Departemen Keamanan Dalam Negeri (DHS) berupaya membenarkan deportasi tersebut dengan menuduh bahwa Alawieh telah menghadiri pemakaman seorang pemimpin Hizbullah, sebuah kelompok yang ditetapkan AS sebagai organisasi teroris. DHS selanjutnya mengklaim bahwa ia secara terbuka mengakui kepada petugas CBP bahwa ia mendukung Hassan Nasrallah, pemimpin Hizbullah, dan memiliki hubungan dengan organisasi tersebut. Namun, para kritikus berpendapat bahwa klaim tersebut masih belum diverifikasi dan seharusnya tidak mengesampingkan perintah pengadilan yang mengikat secara hukum.
Tindakan Keras yang Mengerikan terhadap Dunia Akademis
Deportasi Alawieh merupakan yang terbaru dalam pola tindakan keras imigrasi yang menyasar para akademisi di universitas-universitas elit AS. Pemindahannya terjadi beberapa minggu setelah Mahmoud Khalil, seorang lulusan Universitas Columbia pemegang green card, ditahan tanpa peringatan. Seorang mahasiswa Columbia lainnya tiba-tiba dicabut visanya tanpa alasan yang jelas.
Universitas di seluruh negeri melaporkan lonjakan kasus di mana mahasiswa dan staf pengajar internasional menghadapi penundaan visa yang berkepanjangan, penolakan yang tak terduga, dan pemeriksaan agresif di perbatasan AS. Banyak yang kini khawatir bahwa pemerintah sengaja menjadikan kebijakan imigrasi sebagai senjata untuk mencegah akademisi kelahiran luar negeri tetap tinggal di negara tersebut.
Masa Depan Kebebasan Akademis Terancam
Komunitas akademis gempar, dengan Universitas Brown dan lembaga lain mengutuk deportasi tersebut sebagai serangan terhadap kebebasan intelektual dan kolaborasi internasional. Para kritikus memperingatkan bahwa kebijakan imigrasi agresif pemerintahan Trump merusak kedudukan Amerika sebagai pemimpin global dalam bidang pendidikan dan penelitian.
Para pakar hukum dan kelompok hak sipil juga membunyikan peringatan, dengan menyatakan bahwa deportasi Alawieh menunjukkan kegagalan besar dalam sistem imigrasi. Fakta bahwa perintah pengadilan federal diabaikan—atau tidak pernah dikomunikasikan dengan benar—menimbulkan preseden yang berbahaya, kata mereka, yang menimbulkan kekhawatiran bahwa lebih banyak akademisi kelahiran luar negeri dapat dideportasi secara paksa tanpa proses hukum yang semestinya.

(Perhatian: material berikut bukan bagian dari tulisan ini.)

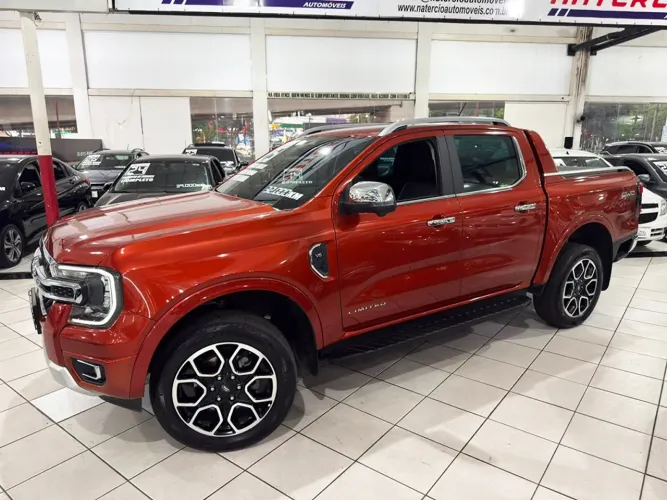 Ford Ranger Limited 3.0 V6 4X4 CD TB Die. AUT 2025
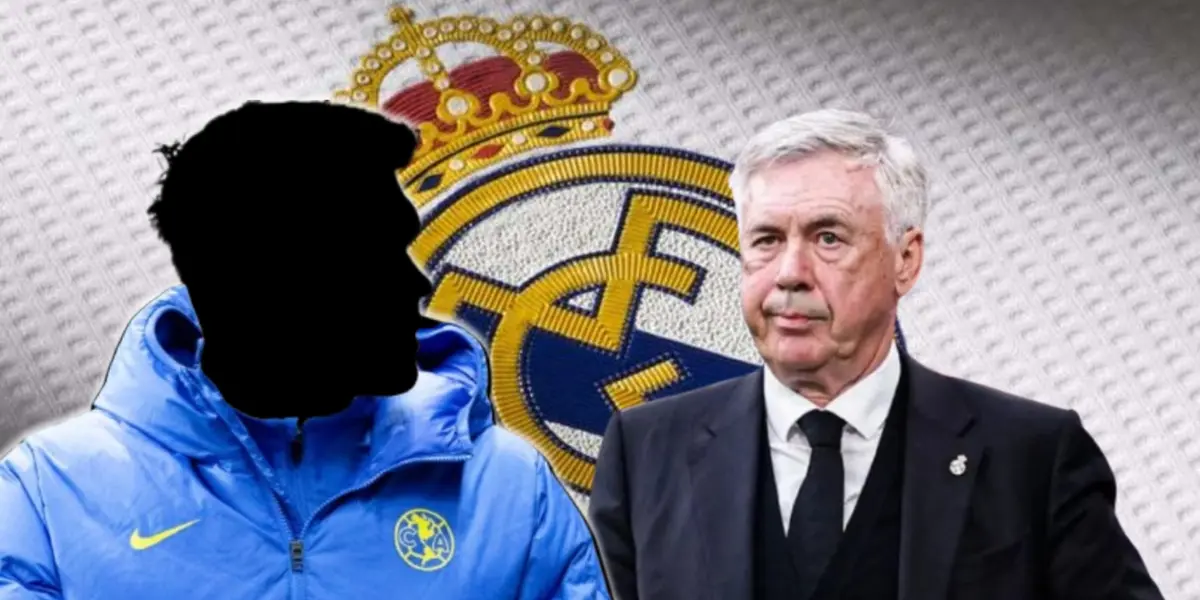 Entrenador incógnito del América junto a Carlo Ancelotti / FOTO DEBATE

Universitas Melawan Saat Ketakutan Menyebar
Menanggapi ancaman yang semakin meningkat, universitas-universitas berusaha keras untuk menyediakan bantuan hukum dan bimbingan mendesak bagi mahasiswa dan staf pengajar internasional. Banyak lembaga yang memperluas program bantuan hukum, menawarkan dukungan darurat, dan memberi saran kepada pemegang visa untuk tidak meninggalkan negara tersebut kecuali benar-benar diperlukan.
Pengacara imigrasi memperingatkan bahwa jika Alawieh—seorang asisten profesor dengan visa dan dukungan hukum yang sah—dapat dideportasi, tidak ada seorang pun yang aman. Dengan perjalanan yang kini menjadi pertaruhan berisiko tinggi bagi akademisi internasional, peringatan Universitas Brown jelas: AS tidak lagi menjadi tempat berlindung yang aman bagi para akademisi, dan mereka yang pergi mungkin tidak diizinkan untuk kembali.
Seiring meningkatnya tindakan keras terhadap imigrasi, implikasi yang lebih luas terhadap pendidikan dan penelitian global tetap suram. Dengan ketakutan yang mencengkeram lembaga-lembaga akademis, masa depan beasiswa internasional di AS berada dalam ketidakpastian.